Women and girls in PNG face formidable barriers to overcoming poverty and injustice

Despite high participation in farming, women have much lower access to waged employment or financial independence. Women rarely own property or land, have very limited influence in household decision-making and are poorly represented in leadership and governance structures. 

Gender inequality is linked to severe rates of sexual violence, family violence and assault in PNG. This has a grave impact on the health and wellbeing of women in PNG.

Many rural women in PNG work long hours for the well-being of their households but much of their work is undervalued because it is generally unpaid and often confined to the domestic or household realm. When farming, women’s work focuses on labour intensive and time-consuming tasks, whereas men control the planning and marketing, especially for cash crops.

What we’re doing to help change this

CARE is:

  • Delivering crucial gender equality training and support, encouraging women in  farming communities to participate in decisions that will impact their family’s future. 
  • Providing farming tools and agricultural support to female farmers, to increase crop yields and generate more income for their families. 
  • Reaching more coffee and cocoa farmers, particularly women, with training and skills development, to help feed their families and communities. 

Stella from Papua New Guinea

Stella is a strong, resourceful woman determined to try everything she can to work towards  a better life for her family. Before joining CARE’s coffee project, her family were struggling with crop yield and had little income. 

“It was a painful period … I don’t want my children to face the same problems I faced.” 

Thankfully, the prospect of relief was in sight for Stella. 

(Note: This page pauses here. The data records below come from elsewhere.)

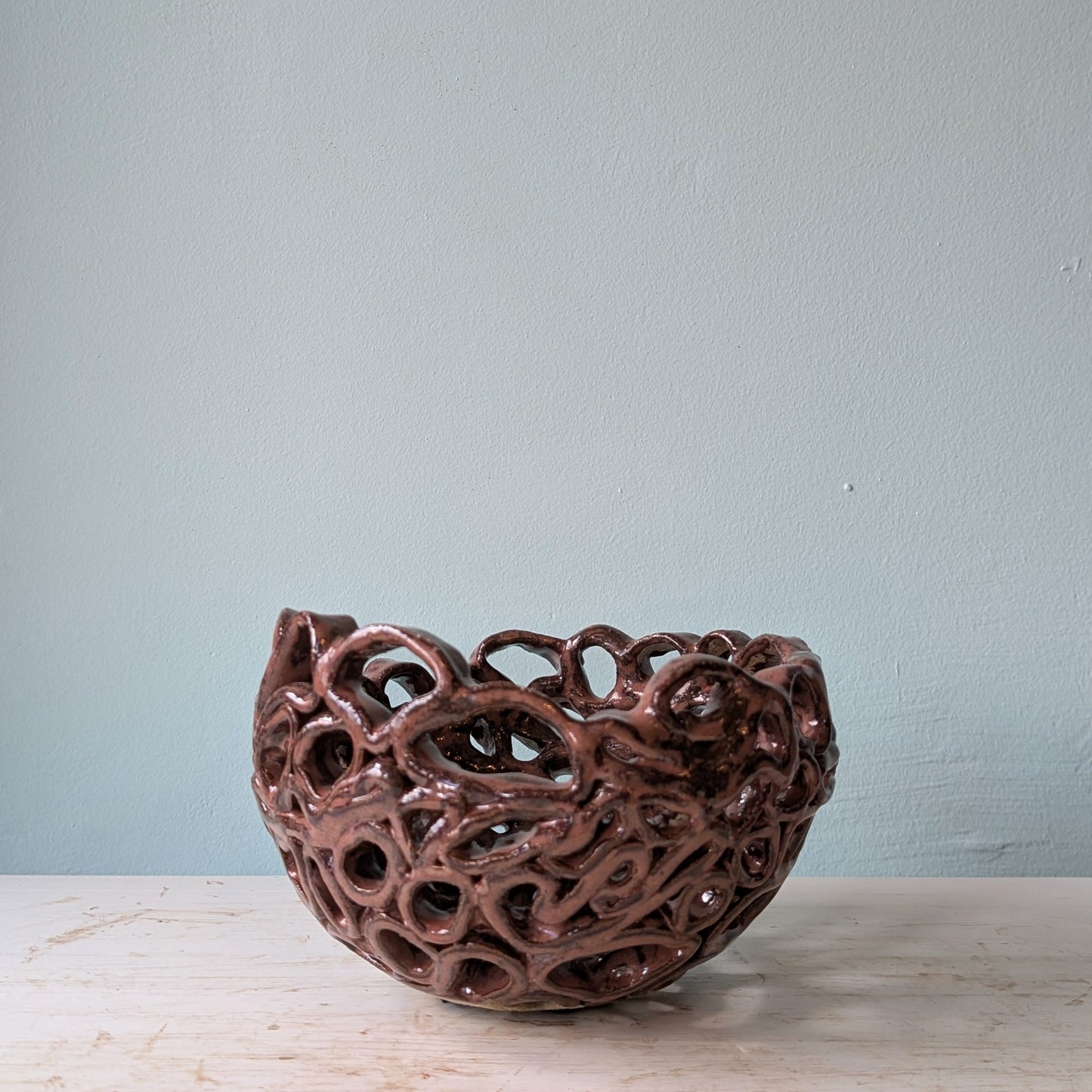 Brown ceramic bowl with perforated design on a white table against a blue wall.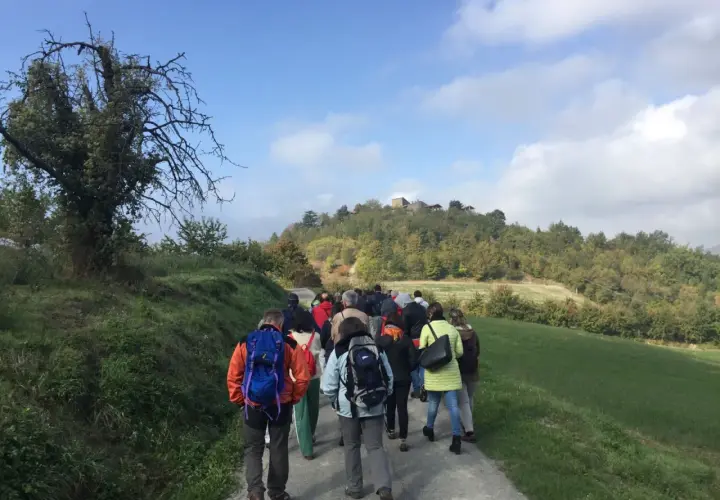 Gruppo di escursionisti sul sentiero delle fontane, con colline boscose e un borgo in cima.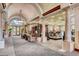Community gym with modern equipment, seating area, and lots of natural light at 4552 Largo Cantata St, Las Vegas, NV 89135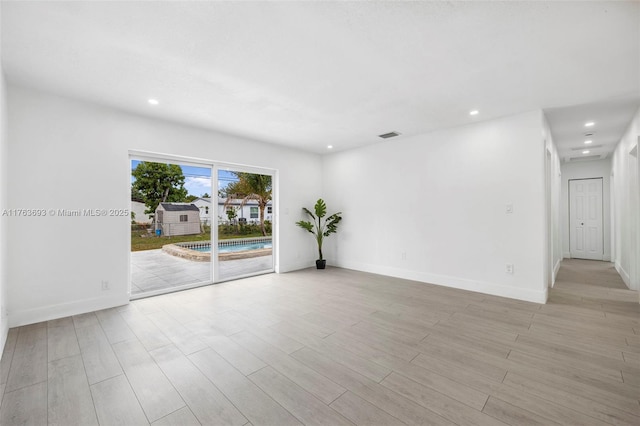 6335 Southgate Blvd, Margate, FL 33068 - empty room featuring recessed lighting, light wood finished floors, and baseboards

After joining CARE’s Coffee Industry Support Project, Stella was given secateurs to replace her bush knife and began working  alongside her husband, Charles, on their coffee farm. Together, they learnt how to improve their crop yield — planting large trees to shade coffee plants and recognising unhealthy plants  early — and were connected to a network helping them access the tools and equipment they  needed for improved coffee production and the means to sell it. 

Importantly, Stella and Charles attended Family Business Management Training where they  learnt how to run their farm as a true partnership — sharing all responsibilities, from child  caring to budgeting and decision-making. 

When we last spoke to Stella, she was incredibly proud to announce their sales of coffee at  the market have nearly doubled. And with that pride comes tremendous relief that she and  Charles are now able to better provide for their children with food, soap, medicine, repairs to  the house and fees for school. 

Stella and Charles are coffee farmers in PNG’s highlands. After receiving training from CARE, their management of their farm and finances has improved significantly, and they have been selected as model farmers to run weekly sessions where other coffee farmers can visit their farm to learn the skills CARE taught them.

CARE Australia receives support from the Australian Government for this project through the PNGAusPartnership.